What is interesting is that the arguments for radical change in legal education in the US are built around the way the legal profession has responded to the financial crisis. The germ of this was that the US legal profession made explicit what had been covert for a time: the tournament for partnership has been dead and long gone. It wasn't sleeping like Monty Python's Norwegian Blue parrot.
Legal education has risen up the agenda in the UK. The three largest legal professional regulators are reviewing education in and training because of the impending arrival of alternative business structures in October 2011.
I may not be the best person to talk about this as I'm a legal academic; sort of, I own up to being a sociologist as well. However, I read an article in The Lawyer by Nigel Savage who terms himself 'Chief Executive' of the College of Law. (I presume by calling himself this he divests himself of all pretensions to being involved in education. If so, fair enough.)
The upshot of the article is that Nigel ain't too happy with the way things are going. It's all happened too late, which is a bit true. This could have been started earlier but when it comes to officialdom, things take time.
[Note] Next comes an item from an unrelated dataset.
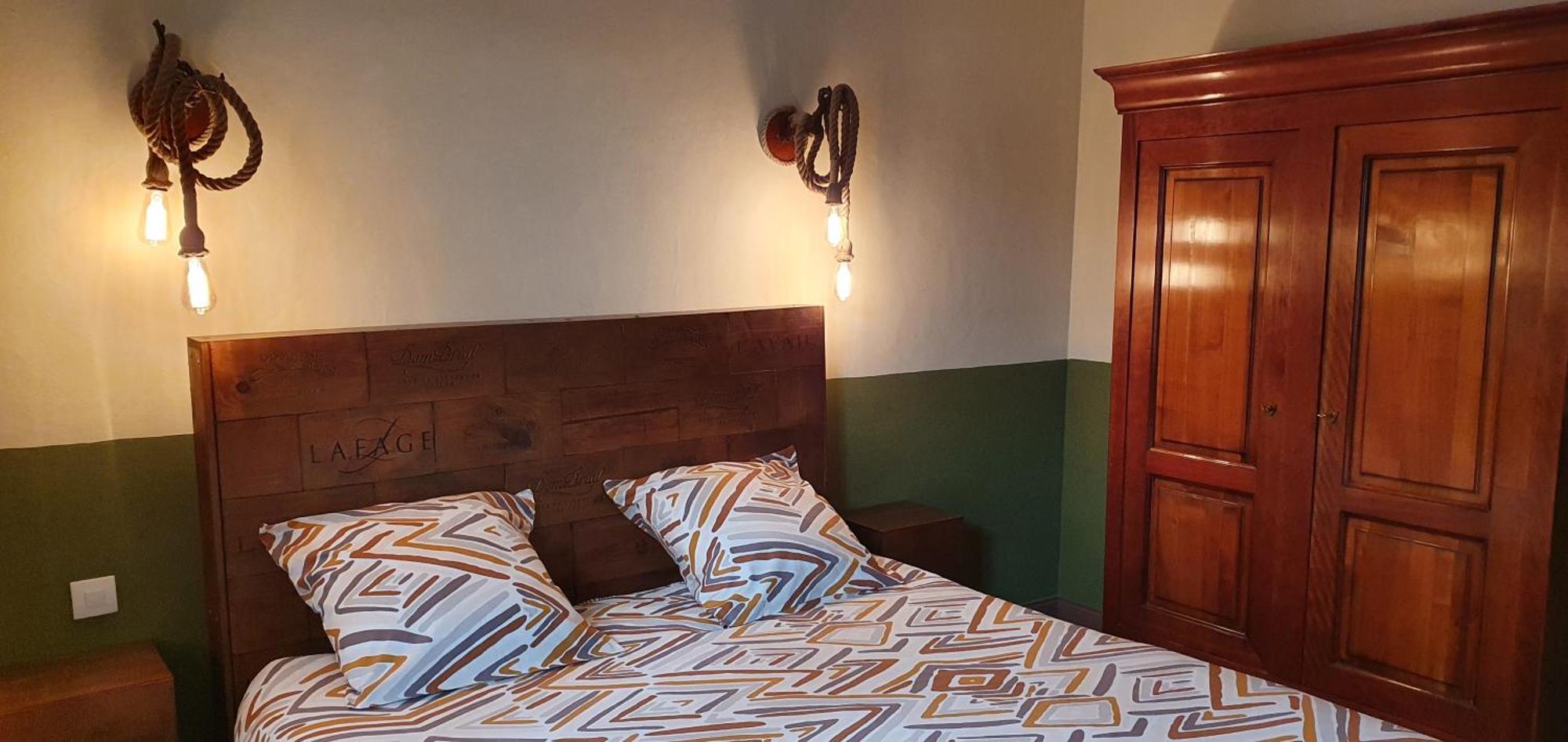 リヴサルト La Tour Du Terroir Bed & Breakfast エクステリア 写真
Even the feistiest of chief executives don't always get their just deserts. Also Nigel wants legal education to be relevant. Hmmm.
I agree that legal education needs shaking up. I think it's last rethink was somewhere around the 1960s with bits of tinkering since. But to be fair, it hasn't really altered since the 19th century, which for a system built on precedent is going it.
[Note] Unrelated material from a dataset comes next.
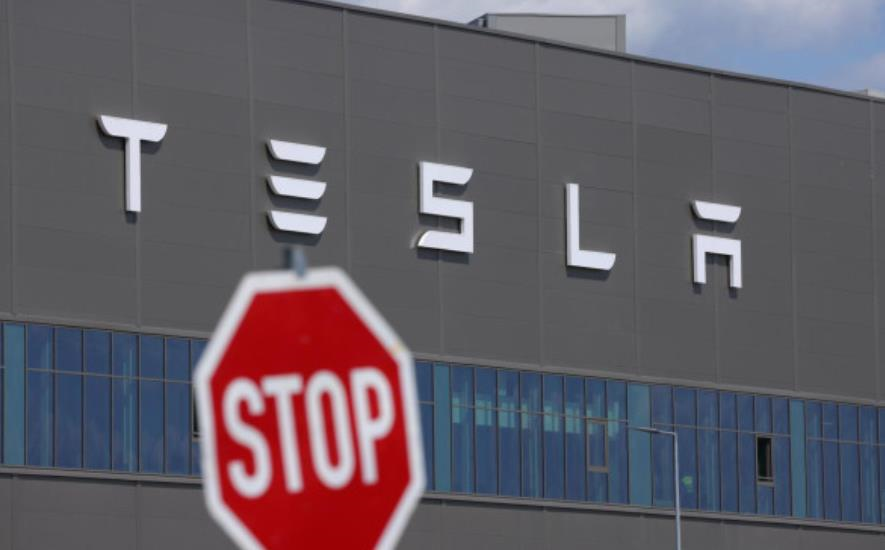 Новини світу - У Франції підпалили представництво Tesla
There are fundamental differences between the UK and the US in legal education. We educate undergraduates in law and they teach only graduates. Despite this law schools fall unhappily between serving a profession and inculcating liberal values. Two French sociologists said some time ago that all professions were a marriage of technicality and virtuality (practice and theory [?]). So indeterminacy was central and apprenticeship was necessary to impart the correct ways of thinking.
To me this is the fundamental contradiction of Nigel's article, the conflation of education and training. Although this is not bad in itself, they need to be acknowledged as distinct modes of learning with their own values. Nigel sees education as serving the only the needs of training. And this is how many politicians see education--as a means of wealth creation for the economy. It's almost as though the Greeks never existed.
We have been shy in the UK at vocational learning. We persist with the idea that everyone ideally everyone should pursue the academic route whether it's best for them or not. So maybe it is time for a fragmentation of legal education, a scaling of legal education, a disaggregation of legal education. In part we do this with the transfer route where someone with another degree can take a one-year 'conversion' course into law.
Alternative business structures are only one new part of the new legal regime under the Legal Services Act 2007. Their recruiting and training needs may not be as demanding as conventional legal practices: I don't know. But I don't want to see the professional dog in the guise of the SRA, BSB et al to be seen shaking the tail of legal education because we are not the tail. Tails are important yet we as educators are more important than that. Perhaps there is not sufficient theory in the law curriculum; perhaps we could broaden our scope and be more interdisciplinary: I hope so. And I hope we don't become appendages to training. If we do law will suffer and so will the people who turn to law.